W ostatnim czasie "w kuluarach" sporo mówiło się na temat kwestii mistrzostwa w Lidze Okręgowej Bielsko-Tyskiej. MKS Lędziny zwyciężyło z Pasjonatem w ostatniej kolejce i "na papierze" zapewniło sobie awans. Skąd jednak wzięły się owe zza kulisowe wątpliwości? Po meczu Rekord II - MKS Lędziny klub z Lędzin złożył protest jakoby w meczu wystawiony został zawodnik, który przekroczył limit 2/3 występów w pierwszej drużynie. Chodzi tu o Mateusza Madzie. Klub z Cygańskiego Lasu istotnie błąd popełnił. Jak wynika z naszych informacji, nie uwzględniając w swoich rachunkach meczów pucharowych. Sęk w tym, że Madzia wystąpił w poprzednich kilku meczach drużyny Rezerw, już po przekroczeniu owego limitu. Tyczy się to także meczu z GLKS-em Wilkowice. 

 

- W tej chwili cała sprawa rozstrzyga się w Śląskim Związku Piłki Nożnej. Osobiście nie mogę zająć stanowiska w tej sprawie, gdyż całość weryfikować będą odpowiednie komisje w Katowicach. Na kilka spraw jednak warto zwrócić uwagę. Przede wszystkim błędy zdarzają się każdemu. Legia także popełniła podobny błąd, co kosztowało ją brak wejścia do Ligi Mistrzów. Druga rzecz to przepisy, które w tych sprawach są bardzo zagmatwane. Nie wiem czemu do limitu wpisują się także mecze pucharowe, skoro np. kiedy zawodnik dostanie w pucharze czerwoną kartkę, to przecież może grać w lidze. To zupełnie osobne "byty". Po trzecie, to też pokazuje niedoskonałość systemu ekstranet, który takie sytuacje powinien od razu wyłapywać - mówi Marek Kubica, prezes Podokręgu Bielsko-Biała. 

 

 

W mediach już pojawiła się na ten temat informacja, lecz według naszego rozmówcy nie jest ona do końca prawdziwa. - Nie był to artykuł rzetelny, a przez niego pojawiło się sporo mitów i zamieszania.
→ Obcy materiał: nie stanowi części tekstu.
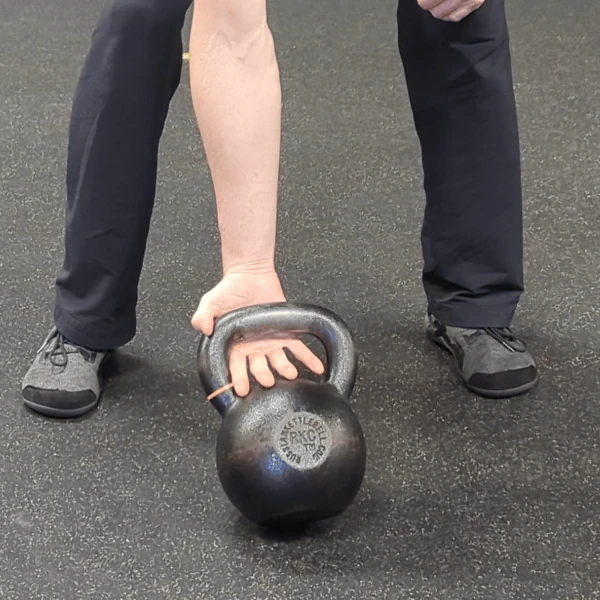 Coach Ryan shows the kettlebell handle's placement in the palm grip (supinated view).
Choćby przykład z tym, iż rezerwy Rekordu miałyby zostać relegowane do A-klasy po pięciu walkowerach. Autor nie sprawdził tego przepisu, gdyż dotyczy on nieprzystąpienia drużyny do meczu! Hipotetycznie, nawet gdyby Rekord dostał 5 walkowerów to może być spokojny o ligowy byt. O przepisach teraz mówią osoby bez pojęcia i starają się doktoryzować innych - stwierdza szczerze Kubica. 

 

Jaka więc będzie puenta całej sprawy? Czy GLKS otrzyma walkowera za mecz z rezerwami Rekordu i MKS Lędziny straci tytuł mistrzowski? - Na tę chwilę weryfikowany jest mecz między rezerwami Rekordu a MKS-em Lędziny. Co będzie potem, zobaczymy. Czy jednak może coś się zmienić w kwestii mistrzostwa? Wątpię... - zdradza prezes Podokręgu Bielsko-Biała, a my tym samym wyczekujemy oficjalnych komunikatów.